Gabby felt the tears on her face, so scalding when she had been outside, cool as the temperature lifted. She sniffed, trying not to make a sound. She was pretty sure Lauren had seen the traitor tears, but she hadn’t asked what was wrong. Oh God, please don’t let her ask. What would she say? What would she do? Cover them all with her darkness? Make them drown in the fathomless pit of her memory? she bit down on her lip, but her mind wasn’t listening, pushing the thoughts to the front of her eyes, and out of them in salty drops.
She was back in the graveyard, the snow hard under her feet. It had not been coming down in great flurries as it was now, outside the window of Lauren’s house. Only a few tiny flakes were still falling, desperate to make their mark before it was too late, to kiss the ground and then be swallowed up by its greed. She saw the white marble headstone, the snow a perfect mask on its face. She strained, but could not see the top where the writing was. She probably wouldn’t have been able to read it anyway.
“Shall I lift you up?”
That was her grandad. She nodded, and felt his strong arms go around her tiny body. He hoisted her with ease on to his shoulders, and reached forward to push aside the film of snow. The writing shone through, curly and gold, a light in the darkness. The soft, cold, white darkness.
“What does it say?”
He was silent for too long.
“What does it say?” she repeated with a child’s persistency.
Grandad hesitated, swallowed. His voice was all croaky as he read, or perhaps quoted from memory: “Here lies Lisa Ranford, aged sixteen.” He paused, voice wobbling like the jelly her gran made for pudding, and cold as the ice-cream that went on top. “Heaven is the only place for an angel.”

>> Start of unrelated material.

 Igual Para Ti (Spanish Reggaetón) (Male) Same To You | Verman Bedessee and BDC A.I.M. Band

“What does that last part mean?”
He set her down gently, her feet crunching and sinking into the snow. She shivered.
Grandad coughed to give himself time to answer.
“Well, mummy’s the angel darling. She’s gone up to Heaven.”

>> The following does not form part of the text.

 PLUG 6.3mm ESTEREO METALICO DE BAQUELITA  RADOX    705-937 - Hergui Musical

Grandad swallowed again, and his eyes were all wet. When he answered, he was looking at the snow.
“You see these flakes all falling down to the ground?”
“Yes. They’re pretty.”
“Yes they are. They’re pure, and exciting, and beautiful, and there’s nothing like them in the world. But in the morning, the sun will come out, all warm and bright, and he’ll melt them and they’ll disappear.” She nodded. “You see, sweetheart, the snow and the sun are both marvellous things. But they can’t exist together. You see, some things are just too perfect to stay on this Earth.”
“Gabby, what’s wrong?”
Steph’s voice was distant, as if she were speaking from far away, calling across a snowy landscape, the sound smothered by the softest blanket of all.

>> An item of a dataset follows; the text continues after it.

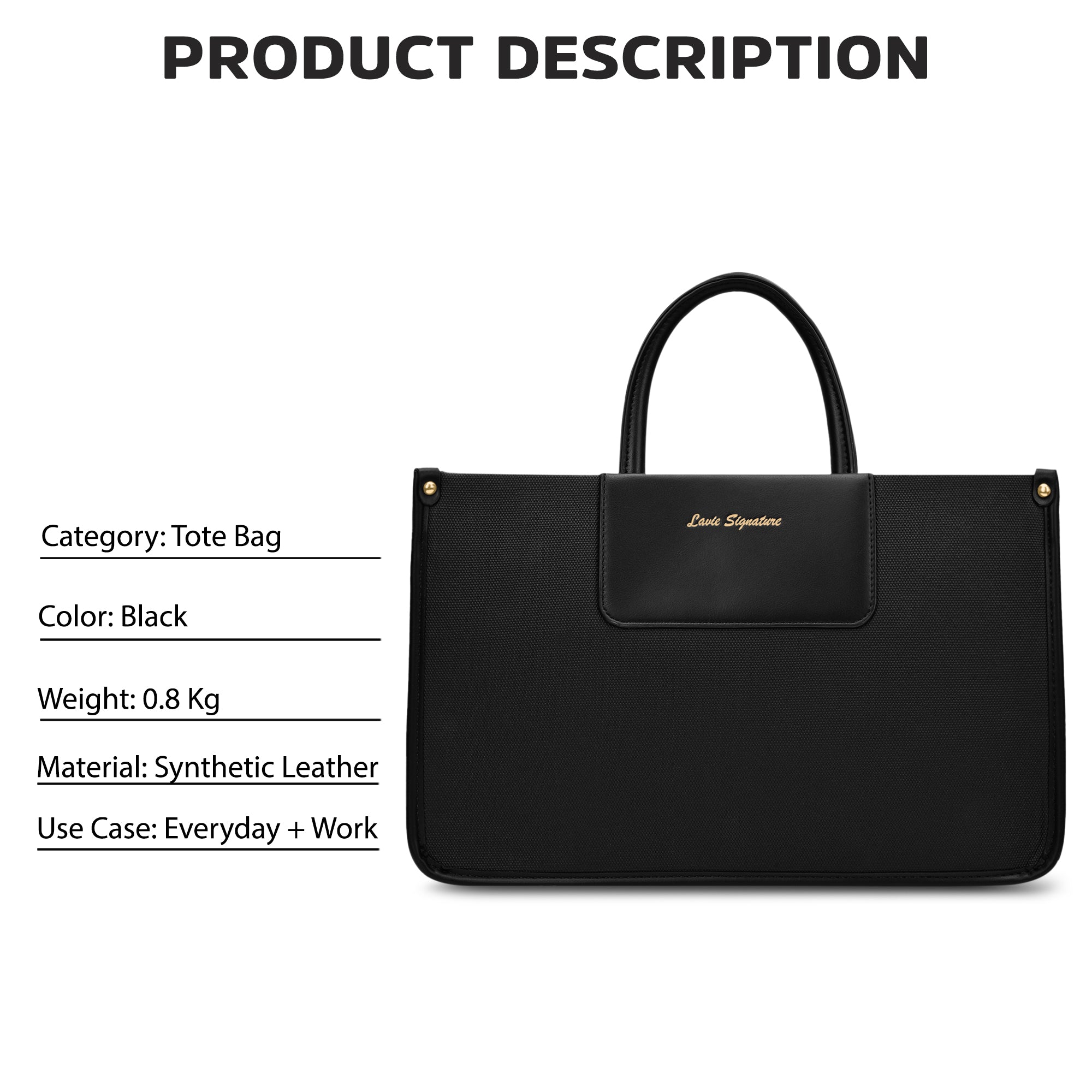 Canva Combo Set Large Tote Bag Wine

Gabby opened the door and ran, across the garden, out of the gate, down the sloping lane. Her feet pounded over the new-born flakes, turning them into her footprints. They slapped her cheeks in protest, and she felt them stinging her skin, as her tears, scorching once more, fell to mingle with them, turning them into pain-wracked thoughts, just as they themselves froze to become snowflakes.